Overview
Exoscale Dedicated Inference is a managed AI service within the Concrete AI product suite that allows you to deploy and run AI models as production-ready inference endpoints on Exoscale’s dedicated, sovereign GPU infrastructure.
It removes the complexity of infrastructure setup, scaling, and GPU management, providing a simple and reliable way to expose AI models through an OpenAI-compatible API. Dedicated Inference is designed for teams that want to move from experimentation to production without building and operating their own AI platform.
Terminology
Understanding the key concepts used in Dedicated Inference will help you deploy models efficiently.
- Model
- A model is an AI artifact (for example from Hugging Face) that is imported into Exoscale and stored securely in Exoscale Object Storage for deployment.
- Deployment
- A deployment represents a running inference endpoint backed by dedicated GPU resources. Each deployment exposes an OpenAI-compatible API endpoint.
- Replica
- A replica is a running copy of a deployment used to scale inference capacity and handle concurrent requests.
- GPU Count
- Defines how many GPUs are assigned to a single model instance, enabling large models to run across multiple GPUs.
- Dedicated GPU
- A physical GPU allocated exclusively to a deployment, ensuring predictable performance and isolation.
Features
- Managed Inference Endpoints
- Deploy AI models as fully managed inference endpoints using simple API or CLI commands.
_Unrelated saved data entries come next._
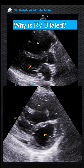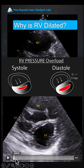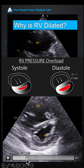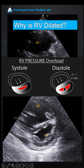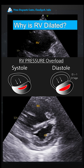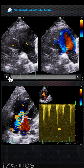Another patient with RV dilatation — again, follow the same rule. This time the D does not form in diastole; it's a full circle in diastole, and then the D forms in systole. A D-shape in systole means RV pressure is equal to or greater than LV pressure, which indicates pulmonary artery hypertension and pressure overload.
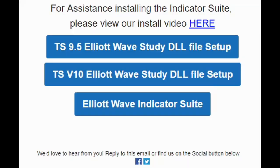Hey everybody, this is Damien here. I'm the Customer Success Manager here at Trade the Fifth. I'm just going to give you guys a quick installation guide on our Elliott Wave Suite indicator for the TradeStation version 9.5 platform.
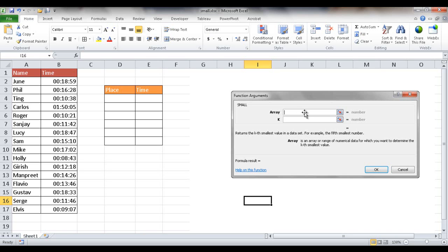First is the array, or basically your list of items. And then the k value, which is the first smallest, the second smallest, the third smallest. So that's how it basically works.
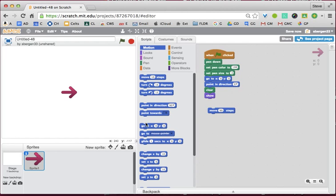Move 90. Turn — no, move. Turn 90. Move 20.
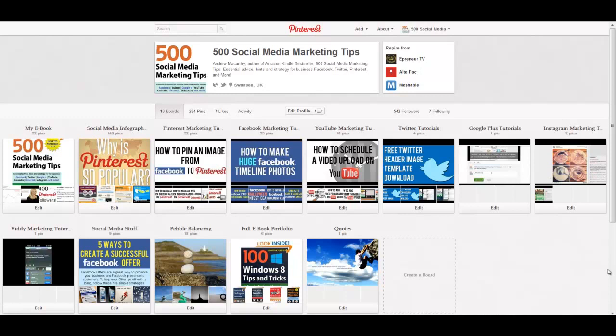These boards can be made public at any time. So they're a great way of putting together a secret list of gifts for somebody, for example, or if you're a business and you have an event coming up, you can plan it in advance and then unleash it on an unsuspecting public at a point in the future.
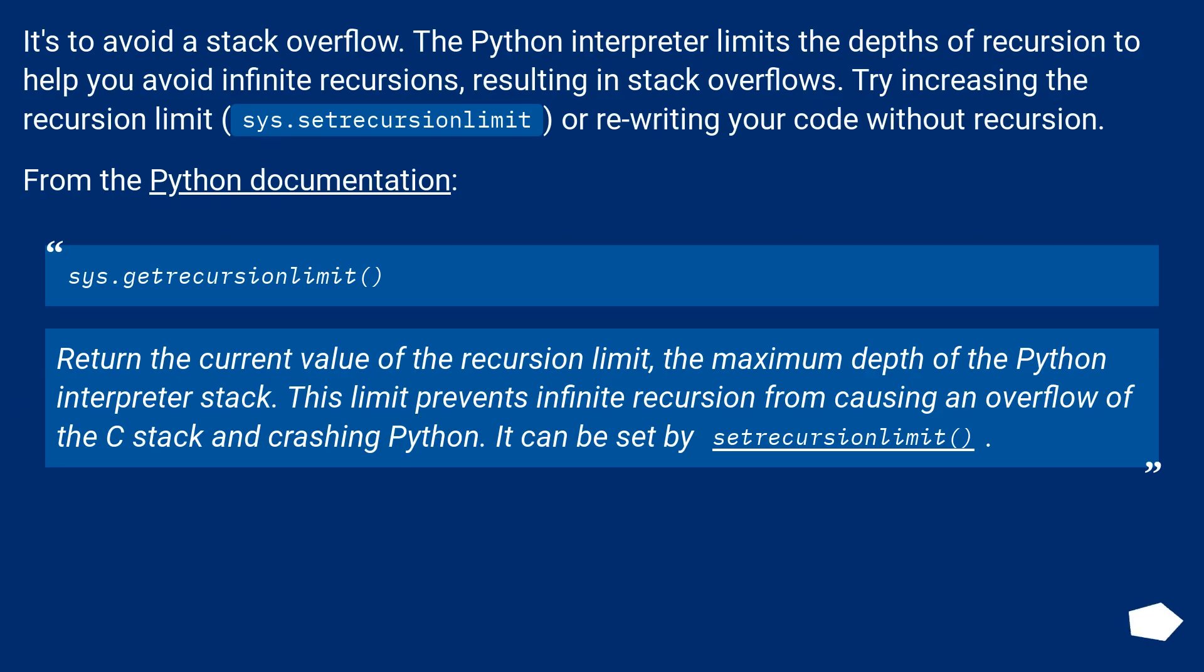It's to avoid a stack overflow. The Python interpreter limits the depths of recursion to help you avoid infinite recursions, resulting in stack overflows.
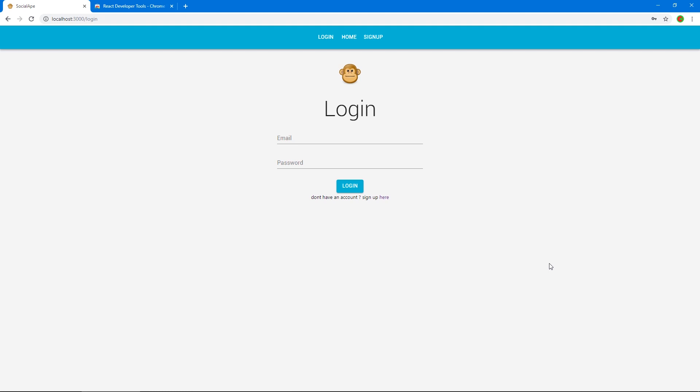Hi, welcome back. In the last video, we created the login form. But I did realize that the video was quite long, over 35 minutes. I do apologize for that. I'm going to try to keep these videos short because I realized that long videos can be quite intimidating. So in this video, we're going to create the signup form.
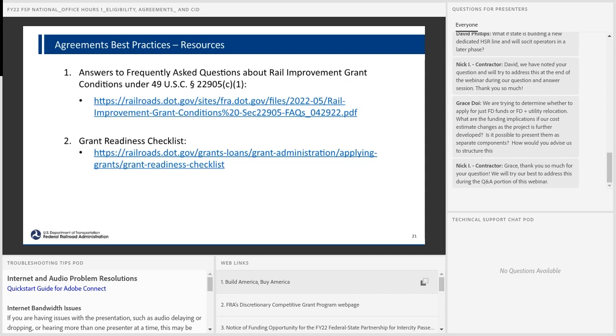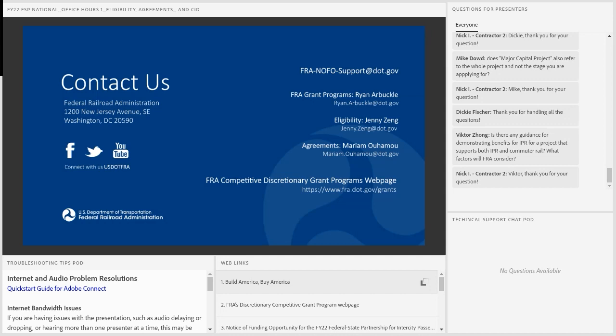Some resources are available: the FAQs link and a grant readiness checklist for applying to grants are provided in the Web Links pod in this Adobe Connect session and will also be shared after the webinar when the presentation is made available. That concludes my section. Thank you everyone for joining us today for the Federal-State Partnership for Intercity Passenger Rail Grant Program Information Session on Eligibility and Agreements. A recording of today's information session will be available on FRA's website in the next week. Please copy or screenshot the contact information on the screen, and note that we will email all web links to you after the event.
- Dedicated GPU Performance
- Each deployment runs on dedicated NVIDIA GPUs, ensuring consistent performance without resource contention.
- OpenAI-Compatible API
- Integrate deployed models directly into applications using a standard, OpenAI-compatible API.
- Bring Your Own Model
- Use public or gated models from Hugging Face or upload your own models, keeping full control over model choice.
- Flexible Scaling
- Scale deployments horizontally using replicas or vertically using multiple GPUs. Scale to zero to stop GPU billing while preserving your URL and API key.
- Speculative Decoding
- An advanced performance optimization technique that significantly reduces inference latency and improves throughput using a two-model approach. Learn more
- Sovereign & Secure
- All deployments run in European data centers with strong isolation between organizations, supporting GDPR and data sovereignty requirements.
- Transparent Pricing
- Billing is based on per-second GPU usage and standard Object Storage costs, with no token-based pricing.
Speculative Decoding (Advanced)
Speculative decoding is a performance optimization that pairs a small draft model with a larger target model to reduce inference latency and improve throughput. For details on model pairing, configuration, and best practices, see the Optimize Performance guide.
Availability
GPU availability varies by zone and GPU type. See GPU availability by zone for the current GPU-by-zone matrix.
| Zone | Country | City | Availability |
|---|---|---|---|
at-vie-2 | Austria | Vienna | |
ch-dk-2 | Switzerland | Zurich | |
ch-gva-2 | Switzerland | Geneva | |
de-fra-1 | Germany | Frankfurt | |
hr-zag-1 | Croatia | Zagreb |
Limitations
The following limitations apply during the preview phase:
- CLI-First Interface
- Model creation, deployment, scaling, and deletion are currently performed via API or CLI. Portal and Terraform support coming soon.
- Custom Domains
- Custom domain configuration is not yet available. Each deployment receives a standard endpoint URL.
- Service Level Tiers
- Service level tiers are not available during preview. All deployments run at the same service level.
- GPU Count Immutability
- The
--gpu-countparameter cannot be changed after deployment. To use a different GPU count, create a new deployment. - Model File Format
- Only
safetensorformat is supported. GGUF and other formats are not compatible.